As Peirce carefully discusses the irreducibility of triads, we will consider in the following arguments what we defined above as the micro-semiotic level. We will argue, first, that the semiotic relation is not irreducible because the condition of analyzability is violated. Peirce would accept, in our view, that from the behavior of the elements of a triad it must follow the properties the triad possesses, including the very property of being semiotic. If we know the relations in which any three elements are involved, then we will be able to know also whether the process in which they are engaged is semiotic, since we will know whether or not the elements play the logical-functional roles of S, O, and I. To put it differently, non-analyzability or what Boogerd et al. (in press) call the vertical condition for emergence is not the reason why we should consider, in a Peircean framework, semiosis as an irreducibly triadic relation.

We can understand why a semiotic relation is irreducible, in a Peircean framework, on the grounds of the second notion of irreducibility discussed above, based on the non-deducibility of the behavior of the system's parts.
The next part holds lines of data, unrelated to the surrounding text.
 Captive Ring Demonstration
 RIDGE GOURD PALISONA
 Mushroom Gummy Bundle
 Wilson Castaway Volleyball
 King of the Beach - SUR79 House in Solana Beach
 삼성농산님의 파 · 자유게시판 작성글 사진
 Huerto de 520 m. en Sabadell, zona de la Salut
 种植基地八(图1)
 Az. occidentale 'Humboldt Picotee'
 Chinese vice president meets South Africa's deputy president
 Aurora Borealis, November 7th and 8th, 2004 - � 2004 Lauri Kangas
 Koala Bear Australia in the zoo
In this case, we should show that the specific behavior of the elements of a triad does not follow from the elements' behavior in simpler relations. We think that semiosis can even be regarded as the best example of a class of relations in which the second condition for reducibility discussed above is violated, since the behavior of the elements of a semiotic relation does not follow from the behavior they show in isolation or in dyadic relations.

The functional roles of the elements in a semiotic relation cannot be identified in structures simpler than a triadic relation. The functional role of S can be identified only in the mediative relation that it establishes between O and I. Similarly, the functional role of O is identified in the relation by which it determines I through the mediation of S. And, finally, the functional role of I is identified by the fact that it is determined by O through S. Therefore, if we consider only dyadic relations, S-I, S-O, or I-O, or the elements of a triad in isolation, we cannot deduce how they would behave in a triadic relation, S-O-I (EP 2:391). Therefore, the irreducibility of semiosis should be understood in terms of the non-deducibility of the behavior of the logical-functional elements of a triad on the grounds of their behavior in simpler relations. Or, to put it differently, rather than the vertical, the horizontal condition for emergence (Boogerd et al., in press) holds in the case of semiosis.
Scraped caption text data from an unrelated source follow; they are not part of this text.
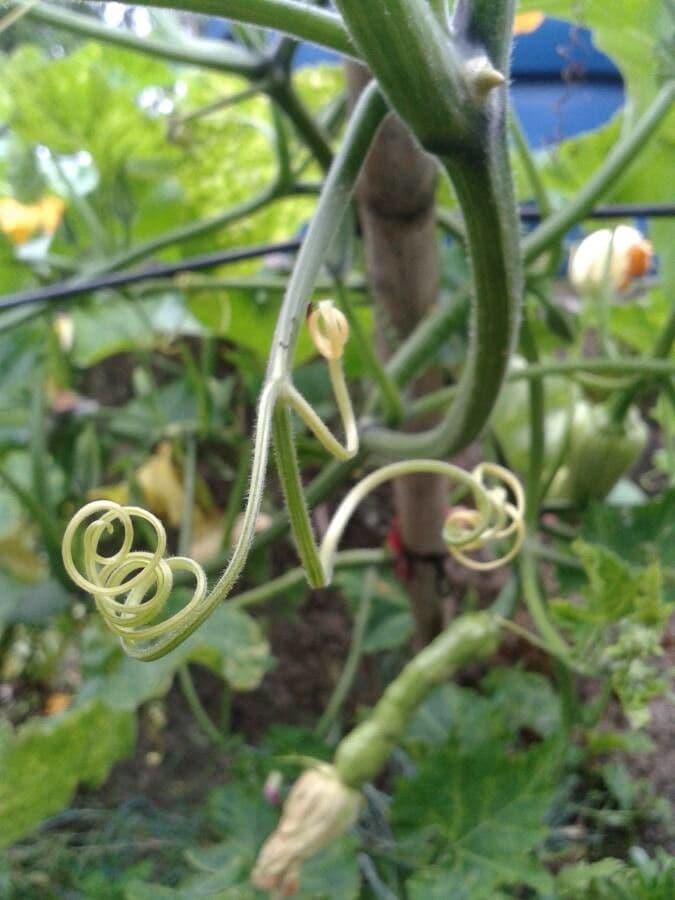 Bitter bottle gourd 22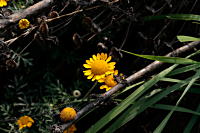Blume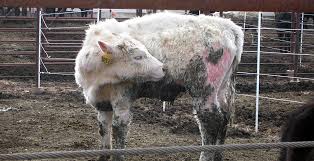 Treating Lice A Wintertime Threat News And Information Oklahoma State University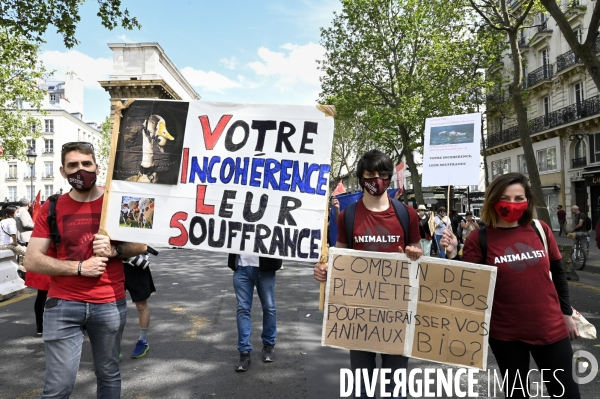 Marche pour le climat 2021, le 9 mai à Paris. Walk for the climate.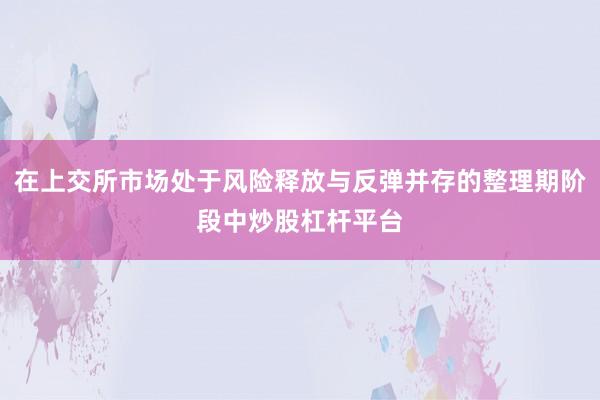 在上交所市场处于风险释放与反弹并存的整理期阶段中炒股杠杆平台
Is Downward Determination Involved in Semiosis?

We will turn, now, to another question about the understanding of semiosis as an emergent process: (9) can we describe any sort of downward determinative relation in semiosis?

It is very interesting to discuss the problem of downward determination in the context of Peirce's philosophy, since, as Hulswit (in press) remembers, [End Page 105] Peirce himself may have been the first to suggest that downward causation may be regarded as a sort of formal causation (see EP 2:115­32). Even if we move here from downward causation to downward determination, Peirce's contribution to the current debates on this issue is still very relevant, since the problem of the influence of wholes over parts is addressed in a more consistent way in terms of dynamical interactions between processes at different levels. In Hulswit's words, it ". . . requires an ontological framework that breaks through the constraints imposed by the Western 'substance addiction'. Indeed, it should do full justice to the primacy of processes and events, along the lines of suggestions made by C. S. Peirce and A. N. Whitehead" (Hulswit, in press).
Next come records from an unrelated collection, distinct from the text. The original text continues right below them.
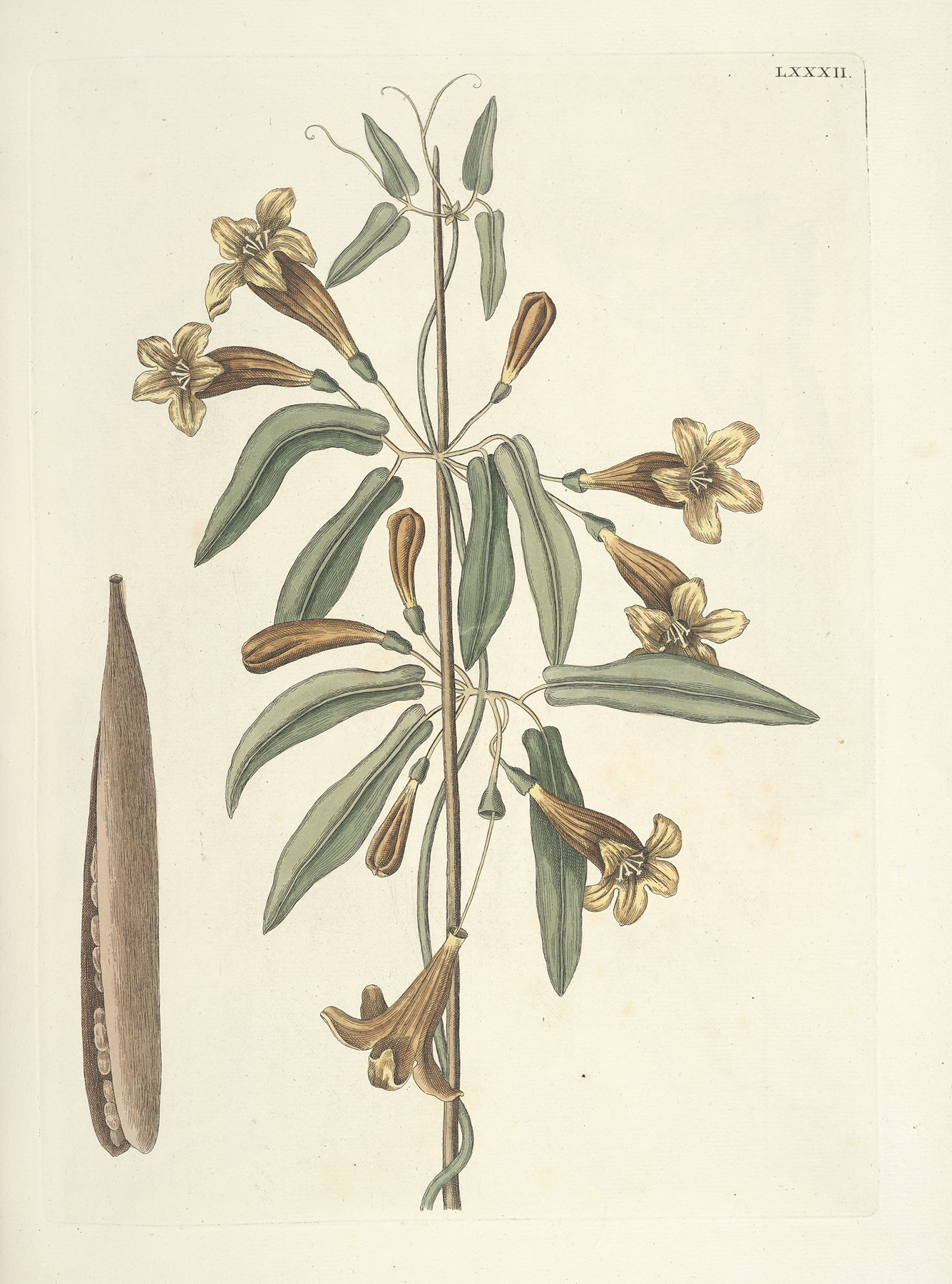 Piscium, serpentum, insectorum, aliorumque nonnullorum animalum nec non plantarum quarundam imagines Pl.082 by Mark Catesby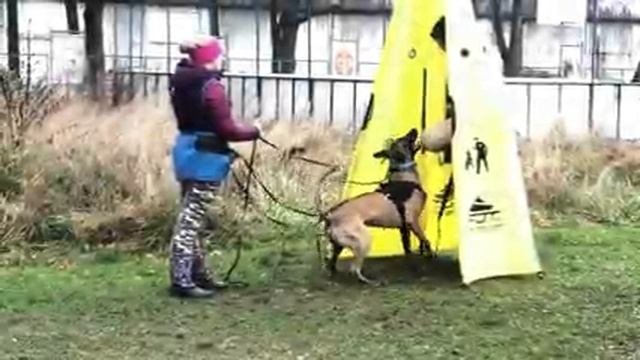 Каспер защита 17 мес смотреть онлайн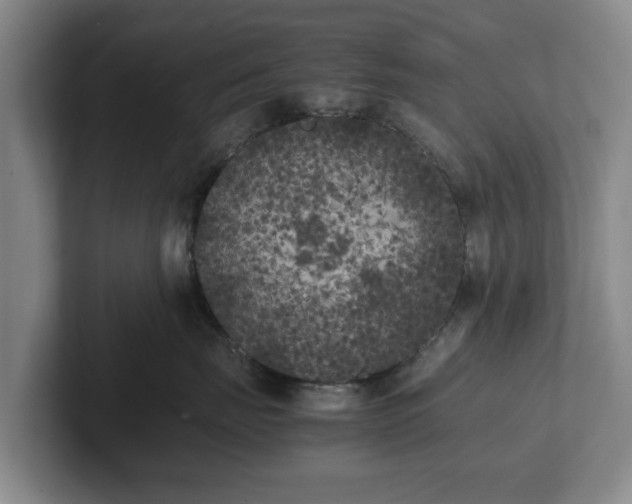 X0000102470671200808151429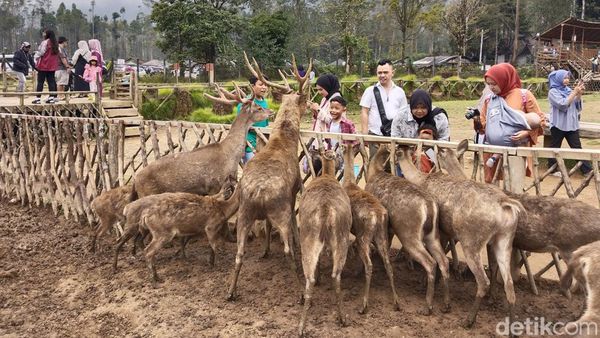Liburan Seru Sambil Beri Makan Rusa di Ranca Upas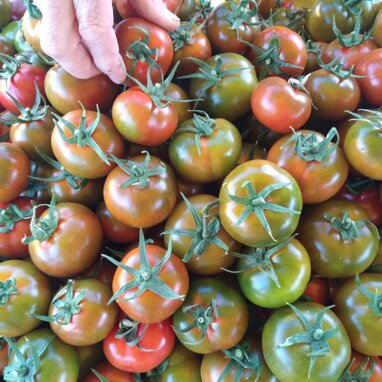 9d810155-8bbc-4fdc-93c2-2a3db3fffb20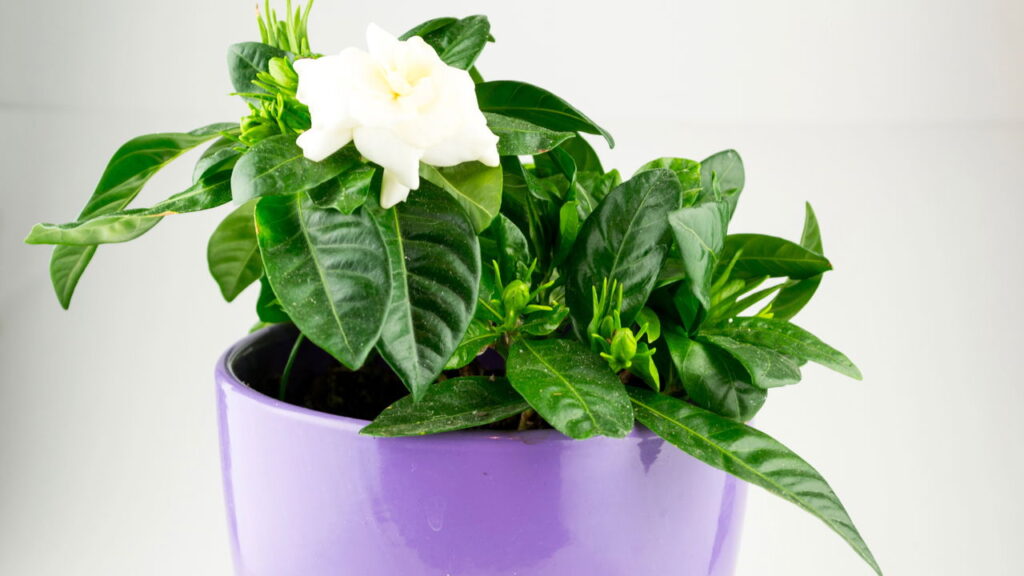 A flor que transforma qualquer ambiente em um espaço mais leve e elegante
If we consider, first, the relationship between the macro-semiotic level and semiosis at the focal level, we can argue that it involves a determinative downward relation. More specifically, as the model presented in section 4 shows, downward determination in semiotic phenomena can be conceptualized as boundary conditions which select, among the potentialities established by the micro-semiotic level, those semiotic processes which will be actualized at a given time t.

If we focus, rather, on the relations between elements within a triad, then we will be able to see that, in a precise sense, Signs, Objects, and Interpretants constrain each other's behaviors. Moreover, a Sign can be defined as a medium for transmitting the form of an Object to an Interpretant. It seems, thus, that an interpretation of downward determination in terms of formal constraints applies smoothly to the determinative relations in triadic-dependent processes. Surely, a proper interpretation of downward determination in semiotic phenomena demands more elaboration. We shall leave, however, this issue for future works.

Is the Structure of Semiotic Systems or Processes Unpredictable?

The last question we should discuss is the following: (8) is the structure of semiotic systems or processes in principle theoretically unpredictable?

The structure of triads and chains of triads can be indeed regarded as unpredictable, since Peirce advocated that indeterminism, spontaneity, and absolute chance are fundamental factors in the universe. Thus, the behavior of the elements in a semiotic process is also unpredictable from the behaviors they may exhibit in simpler systems. In a Peircean framework, we can claim, thus, that semiosis is a process the structure of which is in principle unpredictable due to the indeterministic nature of the evolutionary process. This argument is grounded on the Peircean thesis of tychism, the metaphysical defense of "absolute chance" as a real factor in the universe (see Murphey 1993, Potter 1997). Tychism plays an essential role in Peirce's account of cosmological evolution, to the extent that he regards it as the only explanation of the multiplicity and irregularity found in the universe.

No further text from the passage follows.